CF 1029C - Maximal Intersection
We are given a collection of segments on a number line, and we want to understand how much they overlap if we remove exactly one of them.
CF 1029C - Maximal Intersection
Rating: 1600
Tags: greedy, math, sortings
Solve time: 2m 50s
Verified: yes
Solution
Problem Understanding
We are given a collection of segments on a number line, and we want to understand how much they overlap if we remove exactly one of them. For any subset of segments, their common intersection is also a segment (or empty), and its length is determined by how tightly all chosen intervals overlap.
Each segment contributes a lower bound and an upper bound. The intersection of all segments is governed entirely by two values: the maximum left endpoint among them and the minimum right endpoint among them. If the maximum left is greater than the minimum right, there is no overlap and the intersection is empty.
The task is to choose one segment to discard so that the intersection of the remaining segments is as long as possible.
The constraints allow up to 300,000 segments. Any solution that tries removing each segment and recomputing the intersection from scratch would be too slow, since that would require O(n²) interval checks in the worst case. This pushes us toward a solution where we preprocess global structure and answer each removal in constant time.
A subtle issue appears when the segment responsible for the global maximum left or global minimum right is removed. In that case, the limiting boundary shifts to the second-best candidate. Any approach that only tracks a single global minimum and maximum without tracking multiplicity will fail.
For example, if many segments share the same smallest right endpoint, removing one of them does not change the intersection boundary. A naive implementation that recomputes extremes incorrectly or forgets duplicates will produce wrong answers in such cases.
Approaches
The key observation is that the intersection of all segments depends only on two numbers: the maximum left endpoint L and the minimum right endpoint R. After removing one segment, we need to recompute these two values for the remaining n−1 segments.
A brute-force method would iterate over each segment i, recompute the maximum left and minimum right among all other segments, and compute the resulting intersection length. This costs O(n) per removal, giving O(n²) overall, which is far too slow for n up to 300,000.
The improvement comes from realizing that we do not need to recompute extremes from scratch each time.
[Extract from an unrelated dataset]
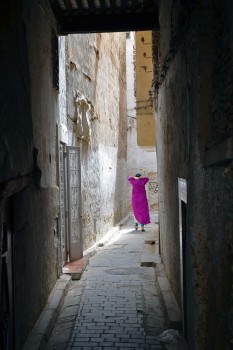 mulher que caminha numa rua estreita da medina de fez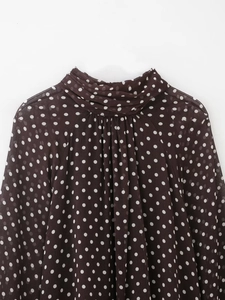 Dettaglio del collo alto con ruches sulla camicia in chiffon marrone scuro a pois bianchi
We only need to know, for both left endpoints and right endpoints, the best and second-best candidates, along with how many times the best value occurs. If we precompute:
the largest and second largest left endpoints,
the smallest and second smallest right endpoints,
then for each removed segment we can determine in O(1) whether removing it affects the extreme values and how to adjust.
If a removed segment is not contributing to the current maximum left, then the maximum left stays unchanged. If it is contributing and it is the only one, we fall back to the second maximum. The same logic applies symmetrically to the minimum right.
This reduces the problem to a simple per-index evaluation after preprocessing.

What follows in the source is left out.